[EXERCISE PROMPT]: Look through the records below for the line holding "Mouse Logitech Black". Write it out exactly, with each following line through the line holding "2013 Subaru Impreza WRX STI".

┄┄┄┄┄┄

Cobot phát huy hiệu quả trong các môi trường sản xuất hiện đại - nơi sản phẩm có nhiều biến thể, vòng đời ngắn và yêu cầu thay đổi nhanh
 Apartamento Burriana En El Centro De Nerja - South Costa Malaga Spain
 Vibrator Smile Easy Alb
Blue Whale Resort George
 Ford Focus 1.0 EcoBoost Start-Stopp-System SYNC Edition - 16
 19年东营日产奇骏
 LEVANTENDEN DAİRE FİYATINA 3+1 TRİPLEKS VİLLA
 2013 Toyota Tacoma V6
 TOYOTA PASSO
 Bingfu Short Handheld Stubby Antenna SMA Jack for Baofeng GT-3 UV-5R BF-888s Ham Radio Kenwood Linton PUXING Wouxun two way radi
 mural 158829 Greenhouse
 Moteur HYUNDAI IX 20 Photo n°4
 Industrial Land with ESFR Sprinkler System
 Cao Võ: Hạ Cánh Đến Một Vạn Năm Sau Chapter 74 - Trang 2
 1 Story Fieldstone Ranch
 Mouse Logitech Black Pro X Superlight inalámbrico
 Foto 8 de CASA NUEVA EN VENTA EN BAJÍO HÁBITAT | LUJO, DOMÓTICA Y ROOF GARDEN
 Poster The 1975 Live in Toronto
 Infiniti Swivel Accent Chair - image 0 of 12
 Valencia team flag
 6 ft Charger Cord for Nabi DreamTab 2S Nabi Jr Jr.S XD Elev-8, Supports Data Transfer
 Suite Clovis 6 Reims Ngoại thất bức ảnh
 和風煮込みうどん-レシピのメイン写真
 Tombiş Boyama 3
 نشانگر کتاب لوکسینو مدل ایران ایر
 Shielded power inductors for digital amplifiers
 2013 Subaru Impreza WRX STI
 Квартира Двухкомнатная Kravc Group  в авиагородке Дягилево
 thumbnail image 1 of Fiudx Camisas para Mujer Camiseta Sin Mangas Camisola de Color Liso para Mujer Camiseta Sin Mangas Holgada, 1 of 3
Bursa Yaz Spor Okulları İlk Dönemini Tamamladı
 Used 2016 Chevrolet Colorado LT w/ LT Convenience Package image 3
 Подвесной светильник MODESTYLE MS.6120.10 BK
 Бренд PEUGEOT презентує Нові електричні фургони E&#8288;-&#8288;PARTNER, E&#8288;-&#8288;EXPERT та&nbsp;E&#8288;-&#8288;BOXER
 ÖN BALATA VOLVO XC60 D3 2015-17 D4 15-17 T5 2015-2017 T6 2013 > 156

┄┄┄┄┄┄

[SOLUTION TO THIS EXERCISE]:
 Mouse Logitech Black Pro X Superlight inalámbrico
 Foto 8 de CASA NUEVA EN VENTA EN BAJÍO HÁBITAT | LUJO, DOMÓTICA Y ROOF GARDEN
 Poster The 1975 Live in Toronto
 Infiniti Swivel Accent Chair - image 0 of 12
 Valencia team flag
 6 ft Charger Cord for Nabi DreamTab 2S Nabi Jr Jr.S XD Elev-8, Supports Data Transfer
 Suite Clovis 6 Reims Ngoại thất bức ảnh
 和風煮込みうどん-レシピのメイン写真
 Tombiş Boyama 3
 نشانگر کتاب لوکسینو مدل ایران ایر
 Shielded power inductors for digital amplifiers
 2013 Subaru Impreza WRX STI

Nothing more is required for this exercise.